Meet the 2017 Curtis Scholars
This group of youths is out to change the world.
Jay’Len Boone, 18 — San Antonio, Texas
Jay’Len was born in Detroit, Michigan, experiencing firsthand the hardships caused by poverty and growing up without access to resources. Jay’Len saw his environment as motivation to make a better life, not just for himself, but for the world.
Now a rising sophomore at University of Texas - San Antonio, Jay’Len has begun creating change in his new community through an education initiative he is launching, and by interning with MOVE San Antonio – a grassroots organization that mobilizes young people to vote and advocate for progressive issues.
Jay’Len hopes the skills he obtains through the Curtis Scholar program will allow him to grow as an advocate and shape his work both in San Antonio and Detroit, connecting local issues to global issues. In his free time you can find Jay’Len listening to Bruno Mars and scrolling Instagram.
Notable quote: “My past has shaped me into the man I am today and...revealed how much potential those in poverty have if given access to education, health”
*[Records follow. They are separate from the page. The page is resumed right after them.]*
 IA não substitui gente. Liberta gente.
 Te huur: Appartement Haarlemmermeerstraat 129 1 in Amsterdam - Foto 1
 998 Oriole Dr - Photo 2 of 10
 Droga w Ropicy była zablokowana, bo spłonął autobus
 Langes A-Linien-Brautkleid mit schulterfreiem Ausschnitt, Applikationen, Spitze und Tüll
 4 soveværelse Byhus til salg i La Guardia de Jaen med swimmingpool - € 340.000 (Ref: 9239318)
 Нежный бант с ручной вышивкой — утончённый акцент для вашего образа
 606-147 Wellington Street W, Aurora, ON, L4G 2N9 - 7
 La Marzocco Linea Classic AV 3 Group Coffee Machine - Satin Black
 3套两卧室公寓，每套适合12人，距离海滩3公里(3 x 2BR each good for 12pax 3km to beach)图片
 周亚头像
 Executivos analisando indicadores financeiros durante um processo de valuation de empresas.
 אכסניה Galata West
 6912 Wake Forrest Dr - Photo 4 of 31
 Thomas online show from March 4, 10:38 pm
PawLa La, 16 — Carrboro, North Carolina
PawLa is a refugee from the Burmese/Thai border. Her family was resettled in Carrboro, NC in 2008. She faced a huge learning curve coming to the United States knowing only “yes” and “no” in English. Despite this, PawLa La, which translates to “unique flower,” was able to overcome the hardships and was able to test out of ESL (English as a Second Language) by 4th grade due to her hard work and work ethic.
PawLa is most passionate about health and access to education as the keys to ending poverty. Education is particularly important to PawLa because her own mother never went to school, and she experienced first hand the second rate education in her refugee camp. She wants to “work for a world where every child can go to school,” an opportunity that is still not afforded to so many kids around the world.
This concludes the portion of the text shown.